■ TASK REQUIREMENTS ■
Your answer must be an exact copy of the records, with no pictures included.

(Short web captions)
───
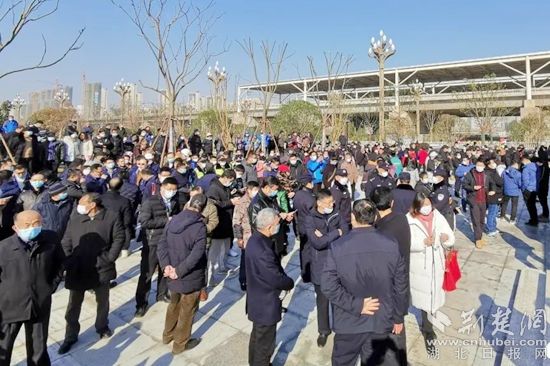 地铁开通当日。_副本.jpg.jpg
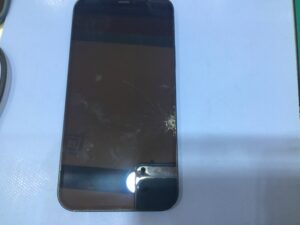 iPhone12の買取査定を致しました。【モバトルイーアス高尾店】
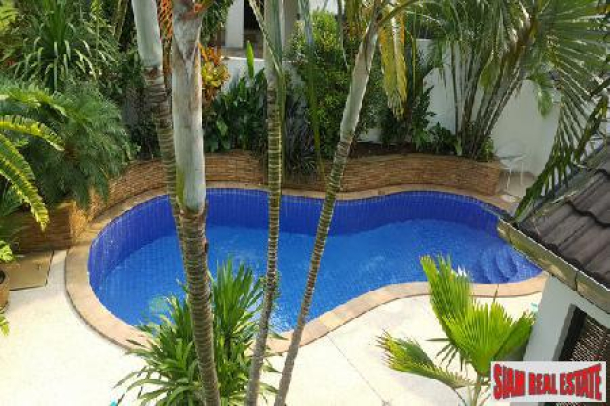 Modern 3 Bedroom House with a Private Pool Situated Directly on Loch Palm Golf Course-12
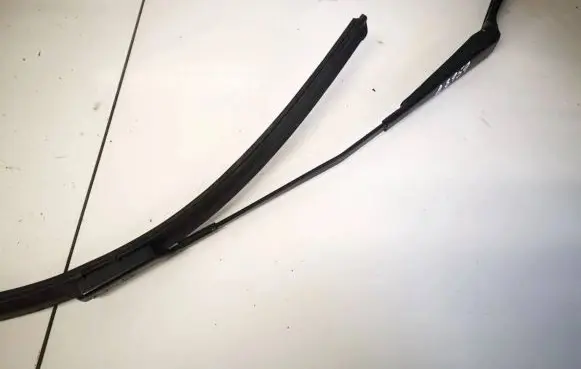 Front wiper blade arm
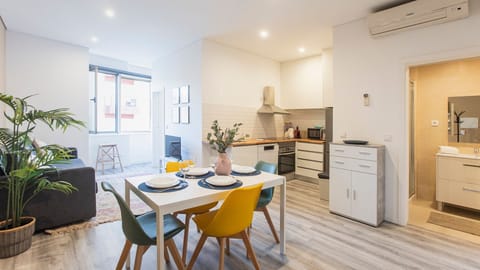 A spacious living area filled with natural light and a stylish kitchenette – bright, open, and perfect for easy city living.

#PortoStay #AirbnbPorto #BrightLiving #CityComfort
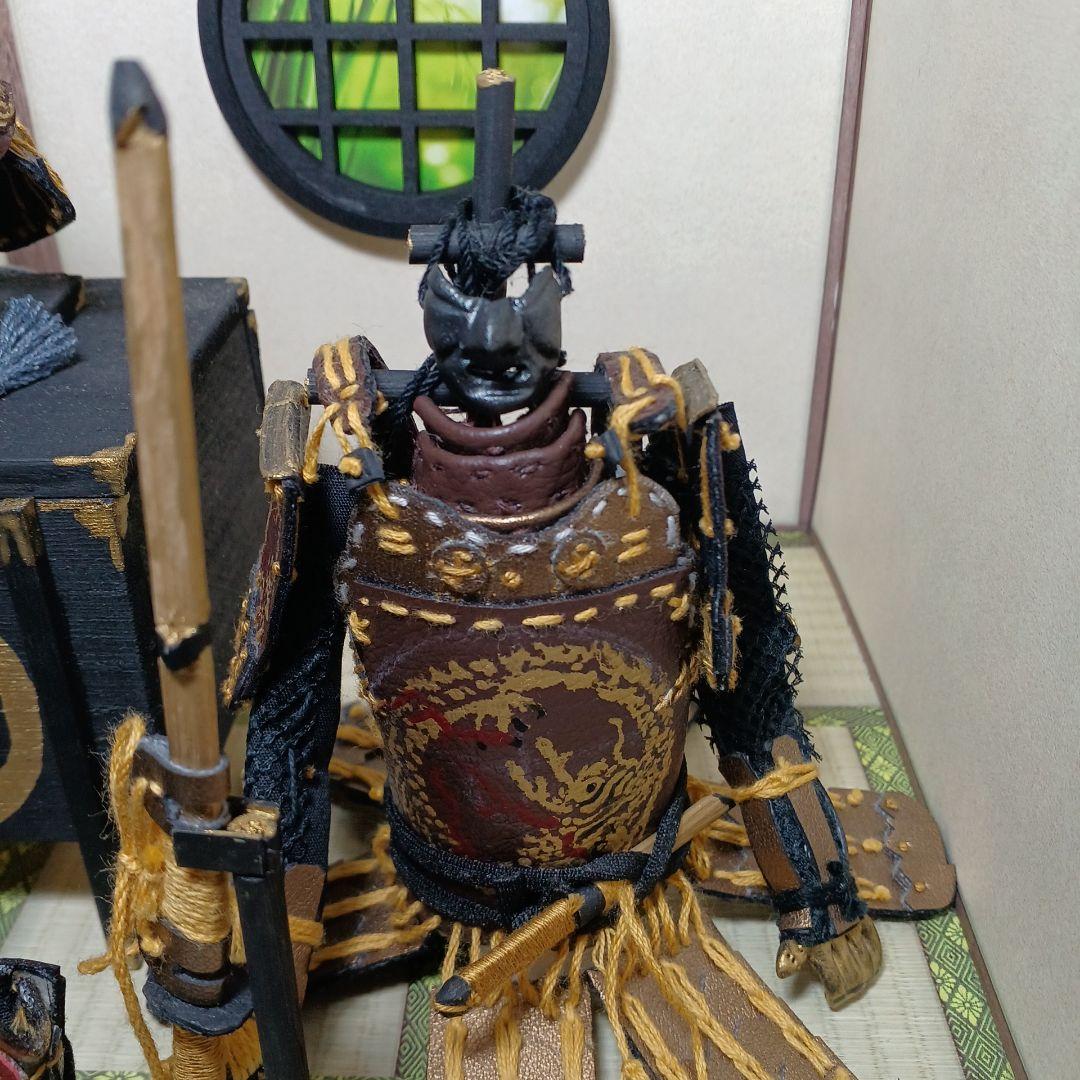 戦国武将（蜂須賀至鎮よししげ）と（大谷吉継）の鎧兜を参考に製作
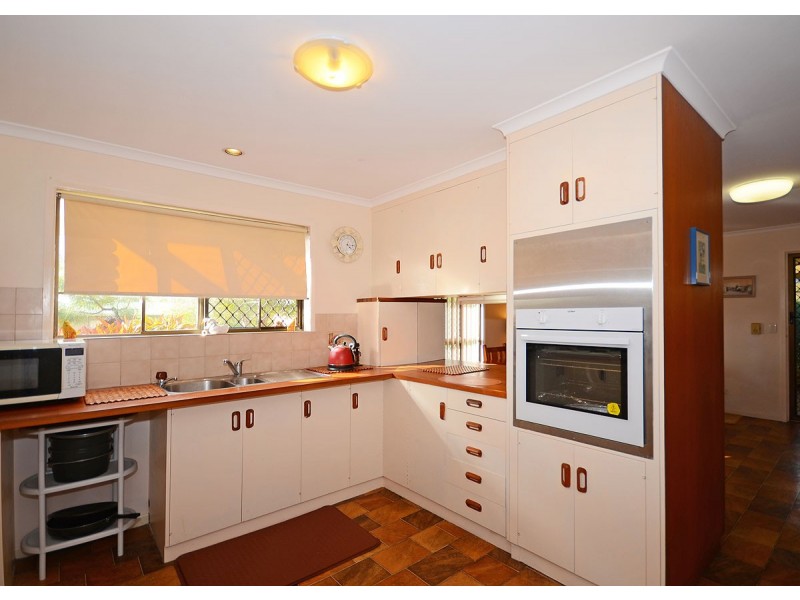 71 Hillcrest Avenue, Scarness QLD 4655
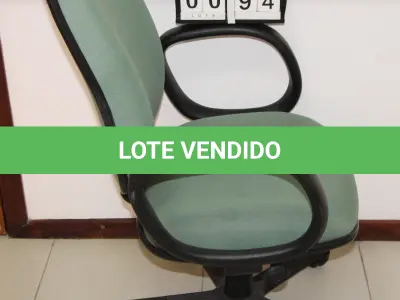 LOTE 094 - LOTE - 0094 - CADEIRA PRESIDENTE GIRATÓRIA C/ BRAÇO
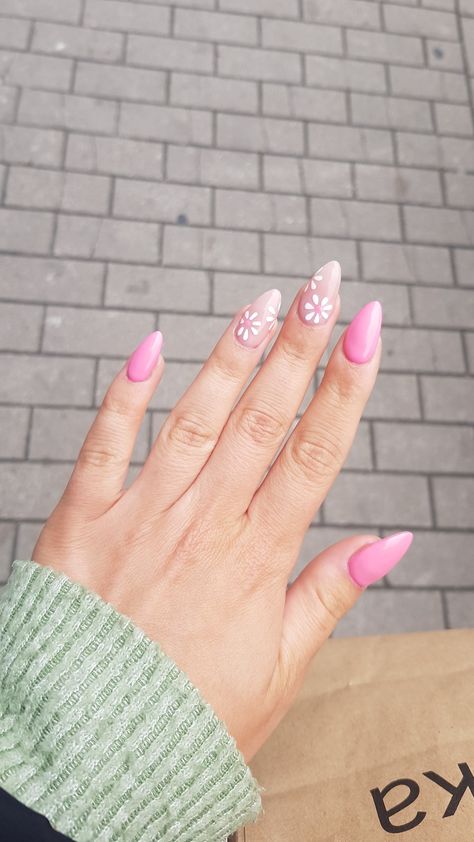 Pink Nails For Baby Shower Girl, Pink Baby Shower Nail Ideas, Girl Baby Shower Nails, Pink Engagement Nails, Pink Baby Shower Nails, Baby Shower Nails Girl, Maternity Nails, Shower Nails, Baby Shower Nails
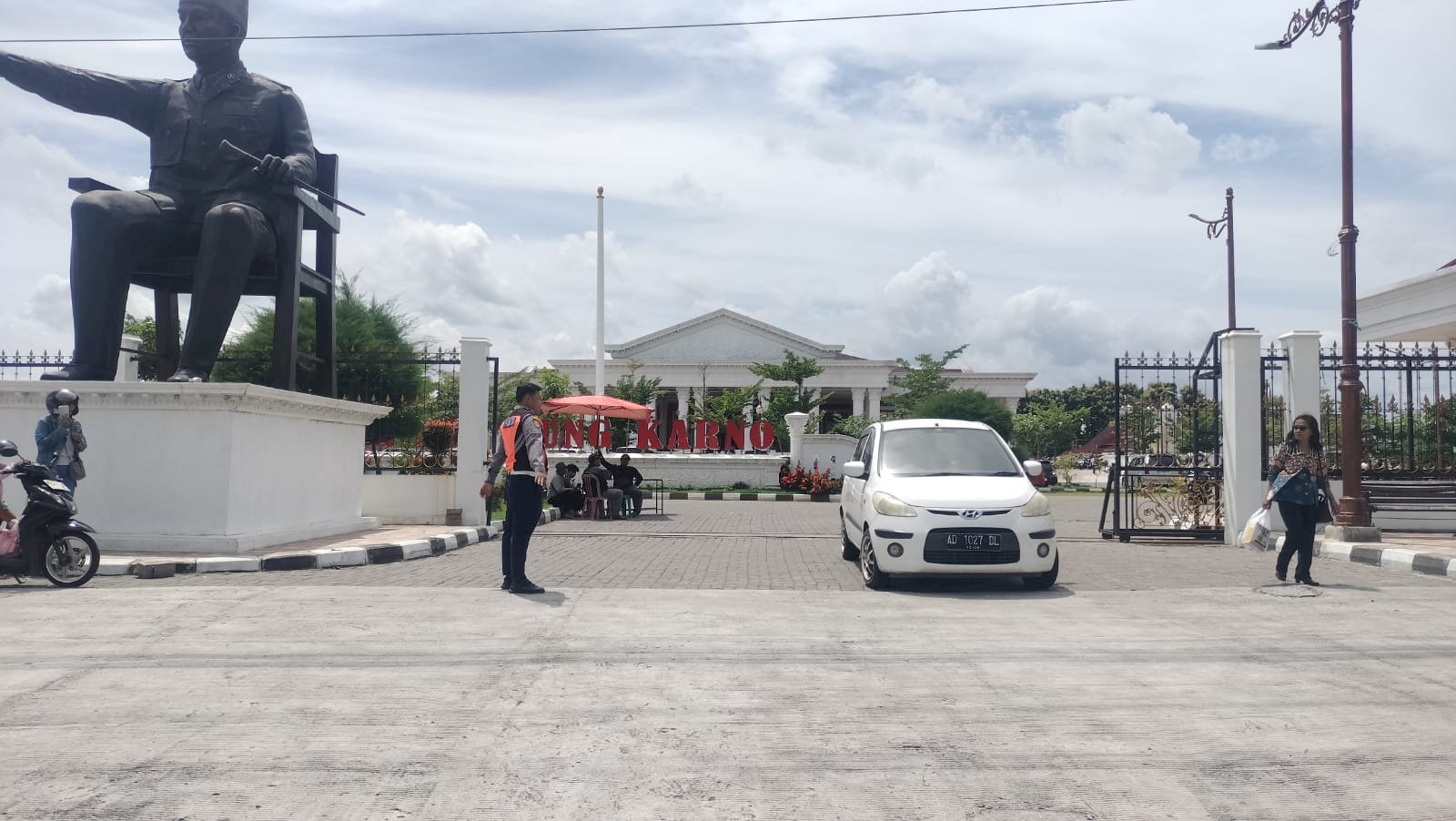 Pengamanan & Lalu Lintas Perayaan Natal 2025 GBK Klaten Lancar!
───
■ RESPONSE TO THIS TASK ■
 地铁开通当日。_副本.jpg.jpg
 iPhone12の買取査定を致しました。【モバトルイーアス高尾店】
 Modern 3 Bedroom House with a Private Pool Situated Directly on Loch Palm Golf Course-12
 Front wiper blade arm
 A spacious living area filled with natural light and a stylish kitchenette – bright, open, and perfect for easy city living.

#PortoStay #AirbnbPorto #BrightLiving #CityComfort
 戦国武将（蜂須賀至鎮よししげ）と（大谷吉継）の鎧兜を参考に製作
 71 Hillcrest Avenue, Scarness QLD 4655
 LOTE 094 - LOTE - 0094 - CADEIRA PRESIDENTE GIRATÓRIA C/ BRAÇO
 Pink Nails For Baby Shower Girl, Pink Baby Shower Nail Ideas, Girl Baby Shower Nails, Pink Engagement Nails, Pink Baby Shower Nails, Baby Shower Nails Girl, Maternity Nails, Shower Nails, Baby Shower Nails
 Pengamanan & Lalu Lintas Perayaan Natal 2025 GBK Klaten Lancar!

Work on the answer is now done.